Bouw Zeesluis noodzaak
Zo zien we het wapen van het Hoogheemraadschap (met de tweekoppige adelaar van Karel V) dat vanaf midden 16e eeuw met het beheer van het water was belast en tot niet zo lang geleden zijn hoofdkwartier in Edam had. Om het water van Zuiderzee en Purmermeer in bedwang te houden was de bouw van een zeesluis noodzakelijk: schepen moesten worden geschut bij het in en uitvaren van de stad en moesten daarvoor betalen – het bord dat de prijs van het schutten laat zien herinnert daaraan. Edammers waren niet alleen gewoon bemanningslid, maar niet zelden ook kapitein.
Michiel de Ruyter
Een aantal Edammers diende als gezagvoerder onder de befaamde admiraals Michiel Adriaensz de Ruyter en Maarten Harpertsz Tromp tijdens de Engelse zeeoorlogen. Een bijzondere figuur onder hen die in de tentoonstelling wordt uitgelicht, was Jacob Andries Swart, die o.a. deelnam aan de tocht naar Chatham. Hij werd met grote eer begraven in de Grote Kerk van Edam.

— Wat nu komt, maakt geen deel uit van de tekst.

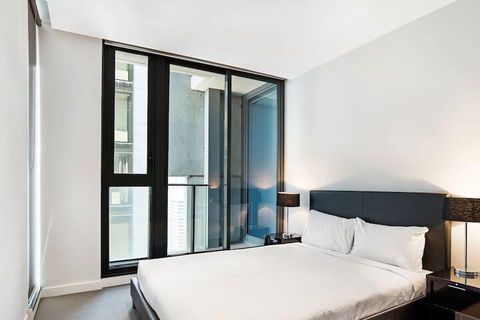 IFSuites (IFSTAYS) Upper West Side Apartment - Accommodation Gold Coast 1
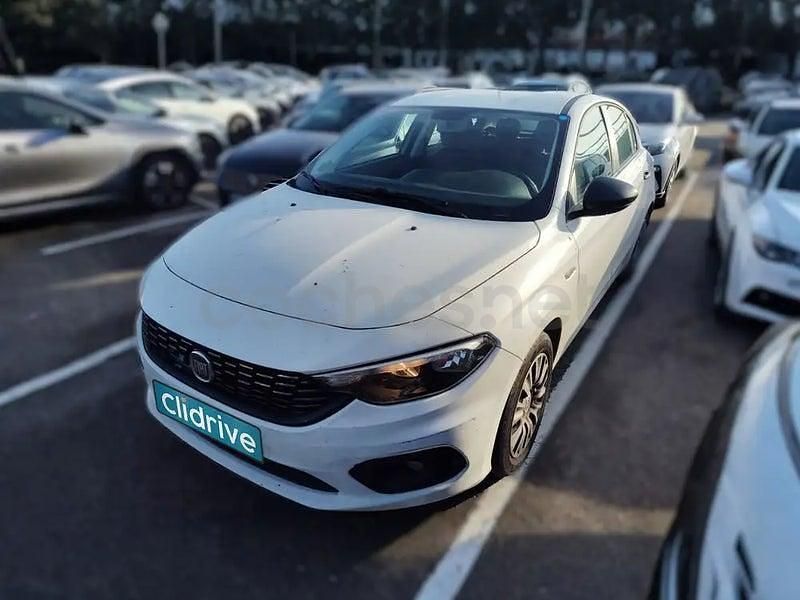 Usado Fiat Tipo Business 95 CV (69 kW) 2019 Blanco Familiar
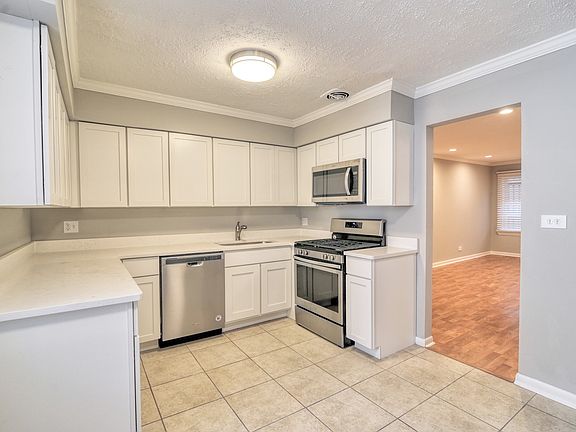 2nd image of 6122 N Winthrop Ave #C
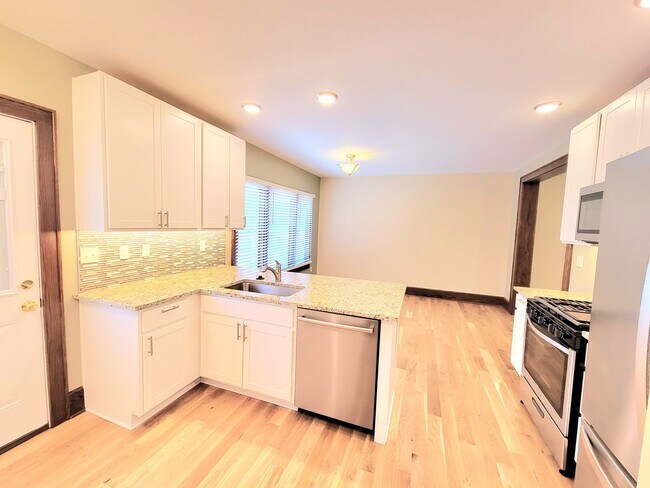 Building Photo - 2166 Arlington Ave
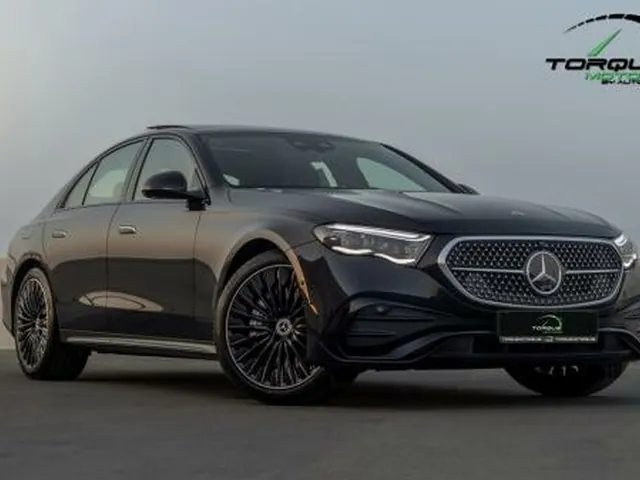 صورة 2026 مرسيدس-بنز E 300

Ook tentoongesteld: het Edams Museum bezit de originele uitnodiging voor de begrafenis van De Ruyter, die aan vier van zijn Edamse kapiteins werd gestuurd. Zij liepen naast de kist van de admiraal op weg naar zijn laatste rustplaats in de Amsterdamse Nieuwe Kerk.
Ontberingen
Verder wordt ingegaan op de ontberingen van het leven aan boord van een 17e eeuws schip en op de rol die Edam bij de walvisvaart speelde. Komend vanuit het hoge noorden, meerden de meeste walvisvaarders eerst aan bij Texel en voeren vervolgens door de Zuiderzee naar Edam. Open waterverbindingen met het achterland maakten doorvoer van de langs boord gebonden vangst mogelijk naar steden verder landinwaarts, zoals De Rijp. Dat verklaart hoe de hier tentoongestelde walviskaak in de Purmer kon worden gevonden.
Walvisverwerking
Maar ook in Edam zelf vond verwerking tot walvisproducten (olie, balein) plaats. Een aantal baleinen producten zien we hier. De tentoonstelling vervolgt met een verhandeling over de Engelse zeeoorlogen en de zeeslagen daarin. Hier ziet men een groot model van een bewapend fregat, en daarnaast een schilderij van De slag bij Ter Heijde in 1653. Het is vermoedelijk een kopie – schilder onbekend – van het gelijknamige doek van Jan Abrahamsz. Beerstraten (1622-1666), dat in bezit is van het Rijksmuseum. Ook bij deze zeeslag waren Edamse kapiteins betrokken.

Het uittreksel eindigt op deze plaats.